Simple is not Easy (SBD)
In the Simple is not Easy paper [27], the authors argue that sophisticated multimodal encoding frameworks are not strictly necessary to obtain SOTA scores on the TextCaps challenge. They proposed a “simple” attention mechanism to filter the features, before feeding them to the fusion encoder. The proposed architecture consists in the split of OCR tokens into visual and linguistic branches, which are then passed into vanilla attention blocks and then to a fusion encoder (to combine the features of the different modalities). The captions are then generated with a transformer module that receives the multimodal combined representation of the inputs.
Confidence-aware Non-repetitive Multimodal Transformers for TextCaps (CNMT)
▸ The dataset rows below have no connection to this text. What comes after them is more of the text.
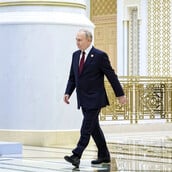 ΡΩΣΙΑ ΟΥΚΡΑΝΙΑ ΗΠΑ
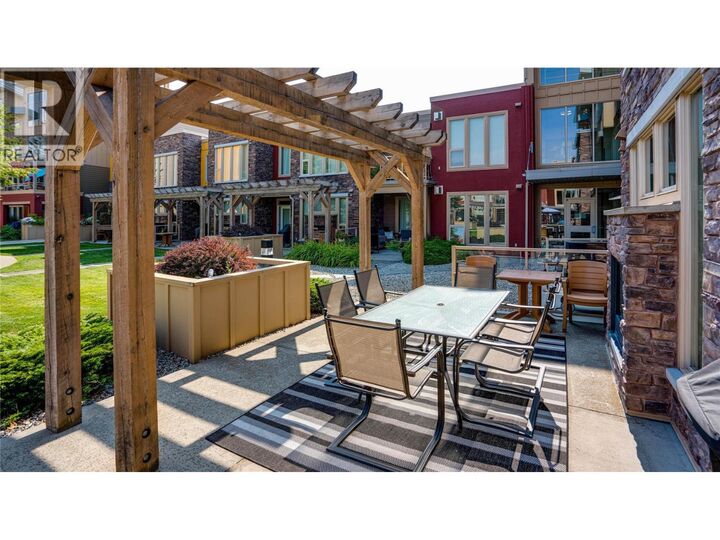 Property Photo:  7343 Okanagan Landing Road 1124  BC V1H 2J6 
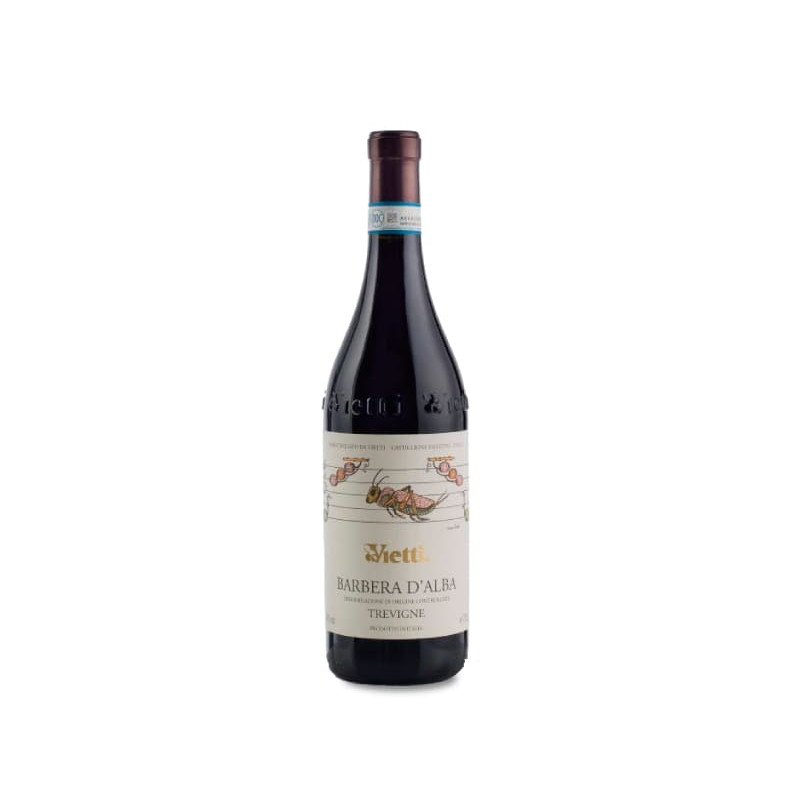 Vietti Tre Vigne Barbera D'Alba 2020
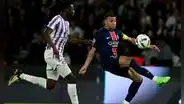 Mbappé se despidió con derrota: PSG perdió 3-1 contra Toulouse en el Parque de los Príncipes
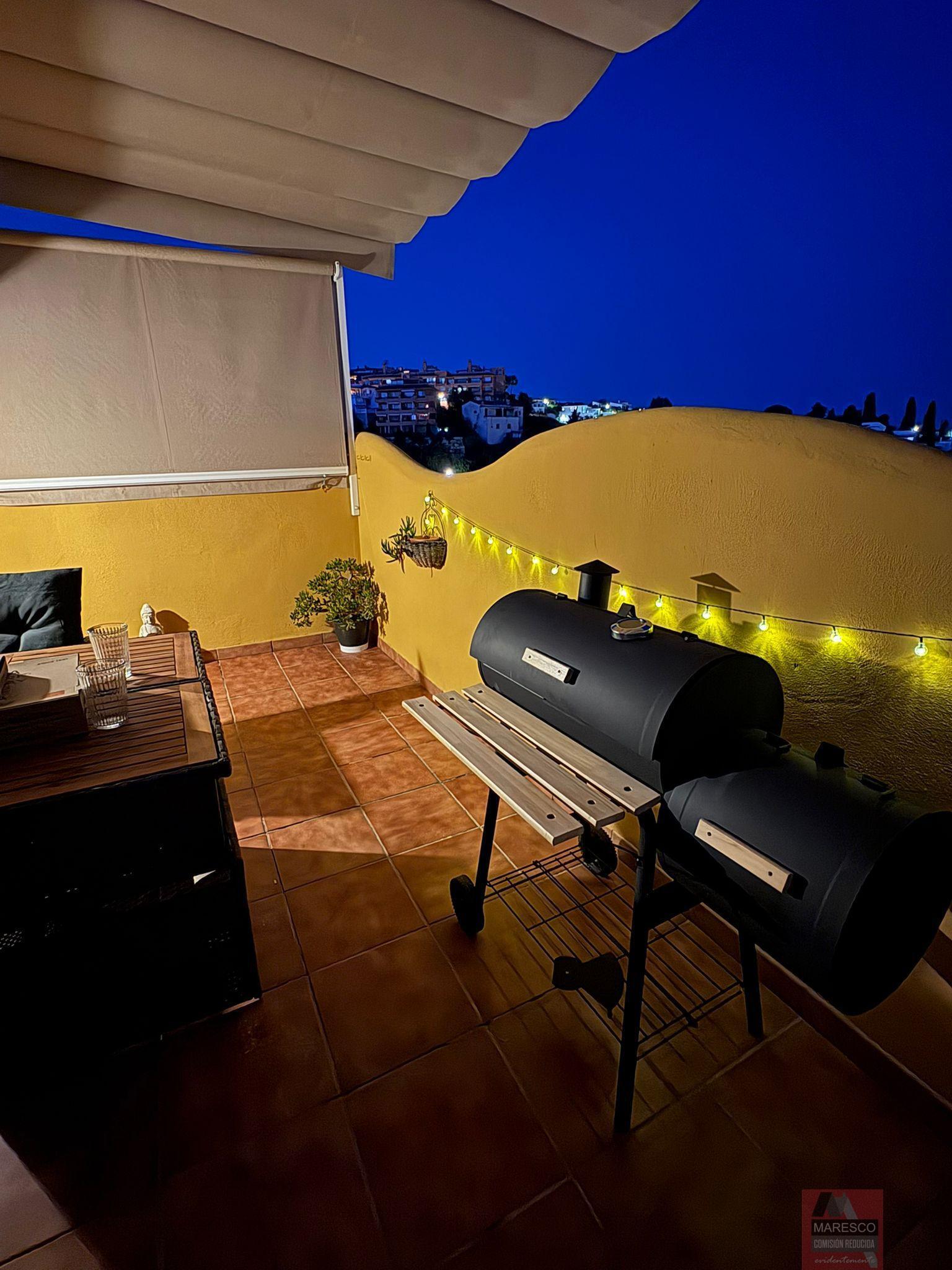 Venta de Ático en Fuengirola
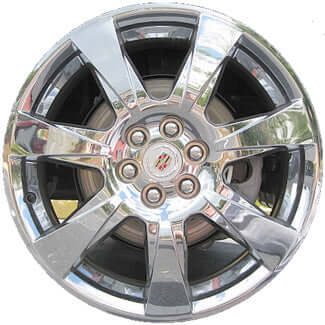 2010-2013 Cadillac Wheels OEM Rims for Sale | Srx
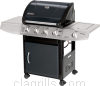 Grill image for model: 810-7450-S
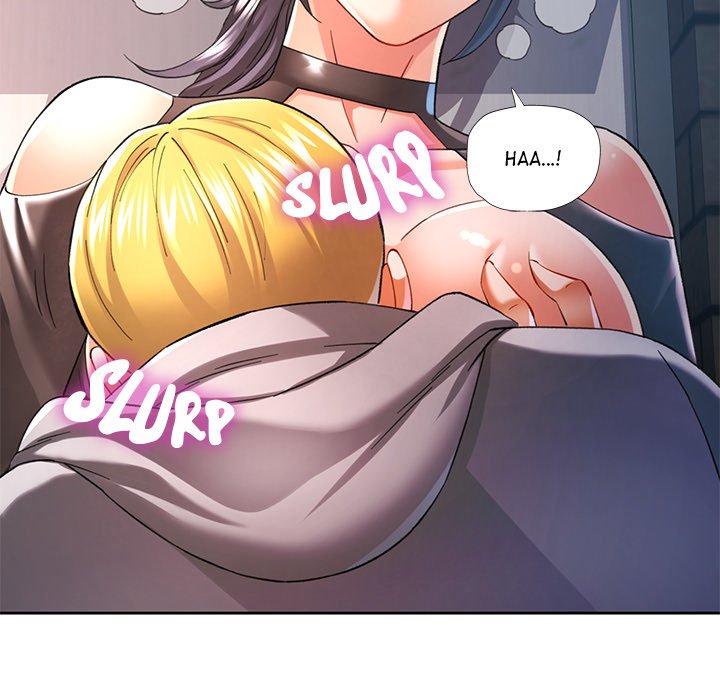 In Her Place Chapter 39 image 21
The CNMT [24] architecture consists of three main components: a reading module, a reasoning module and a generation module. The reading module is better, when compared to previous systems, as the authors claim to use better OCR systems and recognition confidence. The reasoning module (a multimodal transformer) fuses the OCR token features with object features, which are then passed to the generation module to predict captions iteratively. A pointer network is used to select tokens from the vocabulary of the model or from the extracted OCR tokens. To avoid repetition, CNMT uses a repetition mask. Similar to the M4C-Captioner, the CNTM architecture was taken as the base for one of our proposals (L-CNMT), and will be detailed further in Section 3.
Anchor-Captioner (AnC)
To the best of our knowledge, the Anchor-captioner [25] is the only graph-based approach in literature, which is mainly designed to explore content diversity while captioning images. The architecture consists of four main components: a feature extractor (both for textual and visual information), a fusion module (self-attention layers), an anchor proposal module (AnPM), and an anchor captioning module (AnCM). Once the input features are fused in the self-attention layers, the AnPM constructs anchor-centered graphs to groups the relevant tokens, then, the AnCM uses a visual captioner to output a “global visual-specific caption”, which is then used to generate several text-specific captions.
Long Short-Term Memory plus Relation-aware pointer network (LSTM-R)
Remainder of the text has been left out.